Some newly-regulated firms are suffering from "culture shock" and can't understand why they need oversight, says Financial Markets Authority boss Rob Everett.
And more areas of the market could soon be feeling this shock, with the FMA still working out how far its powers can stretch.
Five years on from when the market watchdog was set up, Everett made a speech in front of the trans-Tasman Business Circle on where the organisation was headed.
Since its inception the FMA had overseen an overhaul of capital markets law and Everett said the regulator had "matured rapidly".
"I'd say we are only just off the ground. That's not unreasonable given that we are barely two years into our new regime. So, overall, we remain in build phase. But we are in the final stages.
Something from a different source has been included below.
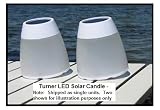 Solar Patio Table Lamp LED Candle Accent Light - Turner, A Unique 2 Sided Lantern, Warm White LED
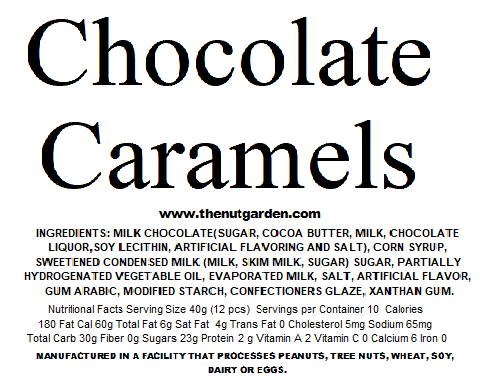 Caramels, Milk Chocolate Covered (14 oz) - The Nut Garden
As a proud Englishman, who grew up in a village bearing the great man's name, I'm always willing to paraphrase Sir Winston Churchill. So let me say that this is the end of the beginning," Everett said.
In his five-year report card on the FMA, Everett gave the regulator a "pass".
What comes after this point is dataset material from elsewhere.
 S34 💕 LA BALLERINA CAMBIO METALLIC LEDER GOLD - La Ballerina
The watchdog was pleased with its clean up of the finance company collapses, the transparency of its policy work, its engagement with newly-regulated sectors and the relationships it had built with its fellow regulators, he said.
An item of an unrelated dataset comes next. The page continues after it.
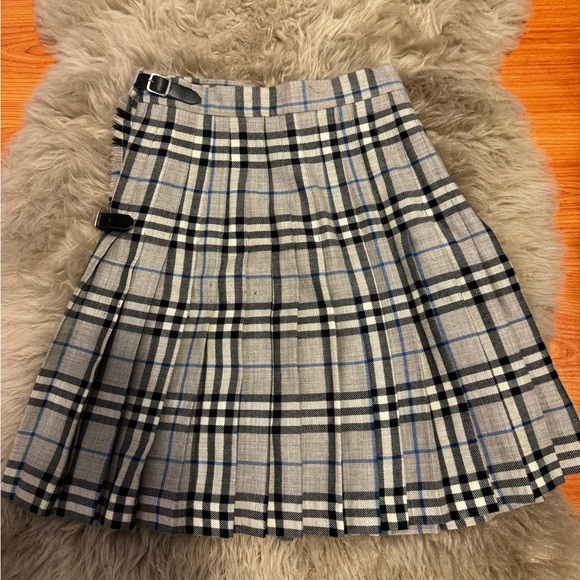 Burberry Dresses & Skirts - Burberry Checkered A-Line Skirt - Black, Gray, and Blue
However, there had been some challenges, including what Everett described as a switch in "enforcement focus from post-mortems on dead bodies to treating live ones".
There was a balancing act, he said, between speed and thoroughness and between openness and secrecy.
"There is an element of culture shock for firms that have not been regulated before and indeed those that are regulated elsewhere but can't grasp why the same needs to happen here in New Zealand...we still see defensive and adversarial positions taken in scenarios where a grown-up - and early - conversation would be infinitely preferable," he said.
Part of the FMA's focus was on "deepening and broadening" its perimeter, he said.
"What's inside our remit, what's outside and are those the right settings? You might think I am talking here about - FX trading, overseas entities, FSPR, scams etc. - and for sure there has been plenty of that," he said.
"But our anxiety about where our perimeter lies actually reflects that the biggest pieces of financial services in New Zealand sit outside it - by which I mean the banks and insurers. We don't license them, but their sales practices are covered by the fair dealing provisions of the FMC [Financial Market Conduct] Act. There is an issue of how far our conduct remit under the FMC Act can be stretched to cover what goes on at banks and insurers and how that can harm customers."